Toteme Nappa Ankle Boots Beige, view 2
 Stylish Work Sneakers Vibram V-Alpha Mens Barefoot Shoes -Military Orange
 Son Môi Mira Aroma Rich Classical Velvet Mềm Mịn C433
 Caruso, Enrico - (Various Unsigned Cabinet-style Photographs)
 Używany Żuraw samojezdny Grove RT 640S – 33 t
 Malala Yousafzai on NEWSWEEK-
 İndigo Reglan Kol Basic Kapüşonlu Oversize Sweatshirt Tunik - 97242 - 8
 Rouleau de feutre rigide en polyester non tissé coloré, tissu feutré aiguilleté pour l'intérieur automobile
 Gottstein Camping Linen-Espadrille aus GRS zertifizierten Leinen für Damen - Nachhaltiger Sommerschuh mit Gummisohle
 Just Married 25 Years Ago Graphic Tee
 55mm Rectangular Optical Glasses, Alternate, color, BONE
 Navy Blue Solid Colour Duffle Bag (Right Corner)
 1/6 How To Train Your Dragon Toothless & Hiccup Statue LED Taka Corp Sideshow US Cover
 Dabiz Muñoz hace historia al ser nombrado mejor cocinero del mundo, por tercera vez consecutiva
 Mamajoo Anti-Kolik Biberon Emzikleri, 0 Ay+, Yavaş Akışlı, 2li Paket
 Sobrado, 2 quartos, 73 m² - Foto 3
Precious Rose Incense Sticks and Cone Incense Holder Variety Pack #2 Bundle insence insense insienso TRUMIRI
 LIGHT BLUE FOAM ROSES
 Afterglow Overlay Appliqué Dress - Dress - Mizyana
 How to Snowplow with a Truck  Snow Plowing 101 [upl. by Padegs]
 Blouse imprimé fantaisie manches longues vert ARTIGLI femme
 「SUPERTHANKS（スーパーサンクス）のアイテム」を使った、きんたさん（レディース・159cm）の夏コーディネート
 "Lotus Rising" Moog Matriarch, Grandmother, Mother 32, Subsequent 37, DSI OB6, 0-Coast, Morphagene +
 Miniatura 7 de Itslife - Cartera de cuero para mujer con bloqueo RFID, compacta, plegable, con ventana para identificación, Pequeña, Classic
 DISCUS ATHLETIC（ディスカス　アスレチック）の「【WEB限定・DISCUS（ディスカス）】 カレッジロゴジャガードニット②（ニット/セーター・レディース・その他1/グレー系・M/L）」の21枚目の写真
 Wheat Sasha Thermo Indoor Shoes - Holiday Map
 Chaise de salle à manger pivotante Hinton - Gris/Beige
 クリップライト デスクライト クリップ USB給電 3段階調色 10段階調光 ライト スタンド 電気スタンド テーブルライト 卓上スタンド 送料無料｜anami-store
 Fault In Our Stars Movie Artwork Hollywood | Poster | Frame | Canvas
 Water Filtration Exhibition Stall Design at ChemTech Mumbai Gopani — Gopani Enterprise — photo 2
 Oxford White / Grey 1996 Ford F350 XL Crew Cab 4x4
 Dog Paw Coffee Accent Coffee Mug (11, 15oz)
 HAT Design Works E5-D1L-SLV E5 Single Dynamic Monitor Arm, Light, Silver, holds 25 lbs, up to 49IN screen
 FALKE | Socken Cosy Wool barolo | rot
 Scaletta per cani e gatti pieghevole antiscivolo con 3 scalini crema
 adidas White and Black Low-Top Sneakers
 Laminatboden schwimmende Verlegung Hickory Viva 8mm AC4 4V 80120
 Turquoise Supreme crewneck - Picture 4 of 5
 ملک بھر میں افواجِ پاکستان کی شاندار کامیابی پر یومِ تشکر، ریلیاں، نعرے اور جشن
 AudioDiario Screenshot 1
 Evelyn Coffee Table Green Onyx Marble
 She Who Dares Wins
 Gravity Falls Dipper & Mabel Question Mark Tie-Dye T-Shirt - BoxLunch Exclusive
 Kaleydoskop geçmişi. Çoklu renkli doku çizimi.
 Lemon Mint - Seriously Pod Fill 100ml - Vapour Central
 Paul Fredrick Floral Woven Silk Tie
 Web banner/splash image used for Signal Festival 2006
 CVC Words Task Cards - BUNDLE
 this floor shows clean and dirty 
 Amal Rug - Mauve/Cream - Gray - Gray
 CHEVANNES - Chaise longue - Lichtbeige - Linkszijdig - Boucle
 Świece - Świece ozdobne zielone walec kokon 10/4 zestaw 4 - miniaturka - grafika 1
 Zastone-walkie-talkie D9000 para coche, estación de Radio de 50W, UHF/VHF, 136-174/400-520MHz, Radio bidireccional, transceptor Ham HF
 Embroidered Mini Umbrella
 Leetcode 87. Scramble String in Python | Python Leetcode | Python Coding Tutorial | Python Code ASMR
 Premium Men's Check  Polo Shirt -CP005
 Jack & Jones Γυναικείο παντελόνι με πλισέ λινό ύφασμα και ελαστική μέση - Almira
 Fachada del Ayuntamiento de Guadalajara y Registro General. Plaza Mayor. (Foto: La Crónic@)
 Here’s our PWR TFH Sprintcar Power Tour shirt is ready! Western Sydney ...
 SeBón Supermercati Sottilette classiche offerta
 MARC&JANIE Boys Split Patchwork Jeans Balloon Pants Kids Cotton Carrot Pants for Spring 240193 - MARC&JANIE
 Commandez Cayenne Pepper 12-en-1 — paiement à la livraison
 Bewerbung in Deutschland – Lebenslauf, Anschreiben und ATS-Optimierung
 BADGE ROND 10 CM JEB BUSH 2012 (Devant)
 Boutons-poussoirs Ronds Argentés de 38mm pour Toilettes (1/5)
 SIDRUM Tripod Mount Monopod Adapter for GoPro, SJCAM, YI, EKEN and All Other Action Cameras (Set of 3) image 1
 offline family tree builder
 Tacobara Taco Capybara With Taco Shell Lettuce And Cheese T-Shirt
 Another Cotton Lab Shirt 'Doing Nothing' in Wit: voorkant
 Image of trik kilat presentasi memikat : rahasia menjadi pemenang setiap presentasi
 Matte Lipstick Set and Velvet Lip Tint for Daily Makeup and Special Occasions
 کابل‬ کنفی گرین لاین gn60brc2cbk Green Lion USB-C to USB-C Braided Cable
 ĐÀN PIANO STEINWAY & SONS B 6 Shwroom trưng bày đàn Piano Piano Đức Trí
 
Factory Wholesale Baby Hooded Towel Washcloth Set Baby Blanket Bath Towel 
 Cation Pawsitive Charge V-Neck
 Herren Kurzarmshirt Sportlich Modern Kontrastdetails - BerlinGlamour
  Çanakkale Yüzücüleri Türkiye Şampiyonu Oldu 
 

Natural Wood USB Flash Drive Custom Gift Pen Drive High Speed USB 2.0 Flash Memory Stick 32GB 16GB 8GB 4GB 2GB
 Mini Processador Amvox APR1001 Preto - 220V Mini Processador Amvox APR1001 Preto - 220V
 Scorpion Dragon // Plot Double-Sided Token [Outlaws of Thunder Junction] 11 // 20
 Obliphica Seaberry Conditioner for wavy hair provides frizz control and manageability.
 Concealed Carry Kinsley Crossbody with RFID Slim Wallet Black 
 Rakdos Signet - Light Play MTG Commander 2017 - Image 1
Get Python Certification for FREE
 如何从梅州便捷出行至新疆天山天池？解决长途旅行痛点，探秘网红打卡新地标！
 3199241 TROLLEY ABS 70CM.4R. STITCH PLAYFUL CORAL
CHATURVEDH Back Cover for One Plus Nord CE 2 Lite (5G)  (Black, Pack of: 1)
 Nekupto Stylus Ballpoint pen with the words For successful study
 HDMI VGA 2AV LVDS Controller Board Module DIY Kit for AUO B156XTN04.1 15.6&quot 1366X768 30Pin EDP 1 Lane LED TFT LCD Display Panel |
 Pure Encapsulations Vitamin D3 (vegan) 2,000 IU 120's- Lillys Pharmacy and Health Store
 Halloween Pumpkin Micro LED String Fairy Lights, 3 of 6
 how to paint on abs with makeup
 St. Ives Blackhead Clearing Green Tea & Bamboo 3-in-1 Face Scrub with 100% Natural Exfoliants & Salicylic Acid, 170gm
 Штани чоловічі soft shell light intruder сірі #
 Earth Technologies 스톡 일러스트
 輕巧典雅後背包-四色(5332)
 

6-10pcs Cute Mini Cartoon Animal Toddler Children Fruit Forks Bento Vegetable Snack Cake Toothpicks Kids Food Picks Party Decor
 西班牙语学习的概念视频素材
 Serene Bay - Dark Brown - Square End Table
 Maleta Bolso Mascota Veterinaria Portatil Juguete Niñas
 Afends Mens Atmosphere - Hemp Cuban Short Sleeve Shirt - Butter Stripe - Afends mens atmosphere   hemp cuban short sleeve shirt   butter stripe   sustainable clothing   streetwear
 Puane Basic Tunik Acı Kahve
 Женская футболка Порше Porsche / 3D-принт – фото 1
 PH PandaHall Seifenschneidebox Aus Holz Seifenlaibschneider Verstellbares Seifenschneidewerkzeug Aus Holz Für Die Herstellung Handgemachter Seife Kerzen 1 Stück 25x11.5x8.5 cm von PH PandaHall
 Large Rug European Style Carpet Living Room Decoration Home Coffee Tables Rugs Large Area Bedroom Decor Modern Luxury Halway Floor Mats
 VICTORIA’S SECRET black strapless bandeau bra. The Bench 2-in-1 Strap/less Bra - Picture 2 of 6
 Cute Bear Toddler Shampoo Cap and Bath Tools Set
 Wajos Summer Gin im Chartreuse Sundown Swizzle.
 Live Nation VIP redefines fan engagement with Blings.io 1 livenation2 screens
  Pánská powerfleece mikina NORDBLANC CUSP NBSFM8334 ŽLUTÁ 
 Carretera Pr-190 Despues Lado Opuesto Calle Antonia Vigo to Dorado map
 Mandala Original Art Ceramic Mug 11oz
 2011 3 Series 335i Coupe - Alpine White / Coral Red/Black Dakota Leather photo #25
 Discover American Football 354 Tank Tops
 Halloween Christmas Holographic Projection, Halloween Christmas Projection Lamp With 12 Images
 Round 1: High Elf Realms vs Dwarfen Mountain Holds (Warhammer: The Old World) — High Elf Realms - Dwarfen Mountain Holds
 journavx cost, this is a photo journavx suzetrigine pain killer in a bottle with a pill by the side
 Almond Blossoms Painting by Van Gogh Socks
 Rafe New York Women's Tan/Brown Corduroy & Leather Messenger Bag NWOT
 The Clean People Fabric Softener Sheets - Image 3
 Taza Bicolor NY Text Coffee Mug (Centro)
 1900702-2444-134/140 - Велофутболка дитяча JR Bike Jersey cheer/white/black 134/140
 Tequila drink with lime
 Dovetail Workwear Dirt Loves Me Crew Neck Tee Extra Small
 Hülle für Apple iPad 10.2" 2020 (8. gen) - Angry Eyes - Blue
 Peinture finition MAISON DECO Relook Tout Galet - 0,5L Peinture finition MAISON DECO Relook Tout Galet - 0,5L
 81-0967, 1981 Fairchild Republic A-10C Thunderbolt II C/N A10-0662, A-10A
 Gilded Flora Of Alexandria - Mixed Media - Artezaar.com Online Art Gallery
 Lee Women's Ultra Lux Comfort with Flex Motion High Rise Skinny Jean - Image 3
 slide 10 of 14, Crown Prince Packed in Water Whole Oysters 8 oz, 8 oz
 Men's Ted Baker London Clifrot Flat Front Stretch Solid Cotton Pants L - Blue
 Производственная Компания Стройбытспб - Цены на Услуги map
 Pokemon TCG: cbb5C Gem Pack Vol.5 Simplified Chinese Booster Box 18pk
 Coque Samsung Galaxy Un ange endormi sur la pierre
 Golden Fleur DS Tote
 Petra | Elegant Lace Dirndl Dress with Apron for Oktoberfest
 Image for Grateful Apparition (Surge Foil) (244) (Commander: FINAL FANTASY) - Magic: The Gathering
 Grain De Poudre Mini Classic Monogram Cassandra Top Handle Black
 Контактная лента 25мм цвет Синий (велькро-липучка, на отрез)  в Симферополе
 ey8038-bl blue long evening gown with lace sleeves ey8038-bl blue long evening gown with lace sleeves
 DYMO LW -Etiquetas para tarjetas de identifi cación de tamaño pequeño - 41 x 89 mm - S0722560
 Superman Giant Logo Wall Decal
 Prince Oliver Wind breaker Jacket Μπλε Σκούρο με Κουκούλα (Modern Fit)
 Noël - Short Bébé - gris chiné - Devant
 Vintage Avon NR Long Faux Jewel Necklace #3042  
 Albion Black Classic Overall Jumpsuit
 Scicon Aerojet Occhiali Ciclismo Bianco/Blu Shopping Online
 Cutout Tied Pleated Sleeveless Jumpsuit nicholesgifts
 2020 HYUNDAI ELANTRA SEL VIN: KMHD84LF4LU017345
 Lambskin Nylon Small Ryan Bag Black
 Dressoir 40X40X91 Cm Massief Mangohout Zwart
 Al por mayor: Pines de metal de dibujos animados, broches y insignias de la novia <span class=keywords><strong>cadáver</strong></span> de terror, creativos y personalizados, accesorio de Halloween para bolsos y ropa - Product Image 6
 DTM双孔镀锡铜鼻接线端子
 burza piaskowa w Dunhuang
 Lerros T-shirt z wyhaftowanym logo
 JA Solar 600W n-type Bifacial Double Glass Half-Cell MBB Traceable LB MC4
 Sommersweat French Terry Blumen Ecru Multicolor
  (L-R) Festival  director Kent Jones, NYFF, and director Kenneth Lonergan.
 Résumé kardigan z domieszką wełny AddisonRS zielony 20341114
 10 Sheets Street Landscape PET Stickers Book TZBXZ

************

▶ [THE PROBLEM]: Above are the records; from them, give again exactly the lines from the one containing "Fachada del Ayuntamiento" to the one containing "Commandez Cayenne Pepper", both lines included, and nothing more.

▶ [EXERCISE RESULT]:
 Fachada del Ayuntamiento de Guadalajara y Registro General. Plaza Mayor. (Foto: La Crónic@)
 Here’s our PWR TFH Sprintcar Power Tour shirt is ready! Western Sydney ...
 SeBón Supermercati Sottilette classiche offerta
 MARC&JANIE Boys Split Patchwork Jeans Balloon Pants Kids Cotton Carrot Pants for Spring 240193 - MARC&JANIE
 Commandez Cayenne Pepper 12-en-1 — paiement à la livraison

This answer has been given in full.